FastDeploy supports various quantization inference precisions including FP8, INT8, INT4, 2-bits, etc. It supports different precision inference for weights, activations, and KVCache tensors, which can meet the inference requirements of different scenarios such as low cost, low latency, and long context.
| Quantization Method | Weight Precision | Activation Precision | KVCache Precision | Online/Offline | Supported Hardware |
|---|---|---|---|---|---|
| WINT8 | INT8 | BF16 | BF16 | Online | GPU, XPU |
| WINT4 | INT4 | BF16 | BF16 | Online | GPU, XPU |
| Block-wise FP8 | block-wise static FP8 | token-wise dynamic FP8 | BF16 | Online | GPU |
| WINT2 | 2Bits | BF16 | BF16 | Offline | GPU |
| MixQuant | INT4/INT8 | INT8/BF16 | INT8/BF16 | Offline | GPU, XPU |
Notes
- Quantization Method: Corresponds to the "quantization" field in the quantization configuration file.
- Online/Offline Quantization: Mainly used to distinguish when to quantize the weights.
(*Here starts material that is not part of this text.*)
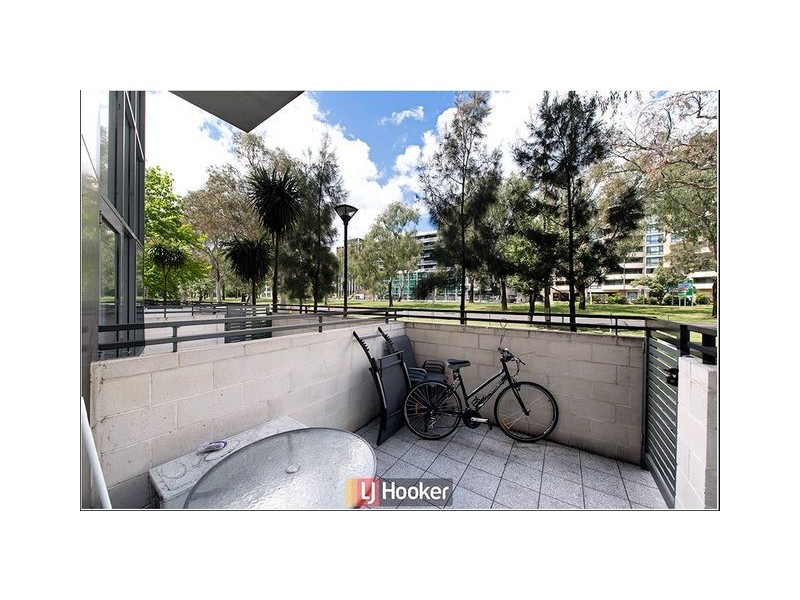 5/77 Northbourne Avenue ‘The Avenue’, Turner ACT 2612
- Online Quantization: The weights are quantized after being loaded into inference engine.
- Offline Quantization: Before inference, weights are quantized offline and stored as low-bit numerical types. During inference, the quantized low-bit numerical values are loaded.
- Dynamic/Static Quantization: Mainly used to distinguish the quantization method of activations
- Static Quantization: Quantization coefficients are determined and stored before inference. During inference, pre-calculated quantization coefficients are loaded. Since quantization coefficients remain fixed (static) during inference, it's called static quantization.
- Dynamic Quantization: During inference, quantization coefficients for the current batch are calculated in real-time. Since quantization coefficients change dynamically during inference, it's called dynamic quantization.
| Model Name | Supported Quantization Precision |
|---|---|
| ERNIE-4.5-300B-A47B | WINT8, WINT4, Block-wise FP8, MixQuant |
FastDeploy names various quantization precisions in the following format:
{tensor abbreviation}{numerical type}{tensor abbreviation}{numerical type}{tensor abbreviation}{numerical type}
Examples:
- W8A8C8: W=weights, A=activations, C=CacheKV; 8 defaults to INT8
- W8A8C16: 16 defaults to BF16, others same as above
- W4A16C16 / WInt4 / weight-only int4: 4 defaults to INT4
- WNF4A8C8: NF4 refers to 4bits norm-float numerical type
- Wfp8Afp8: Both weights and activations are FP8 precision
- W4Afp8: Weights are INT4, activations are FP8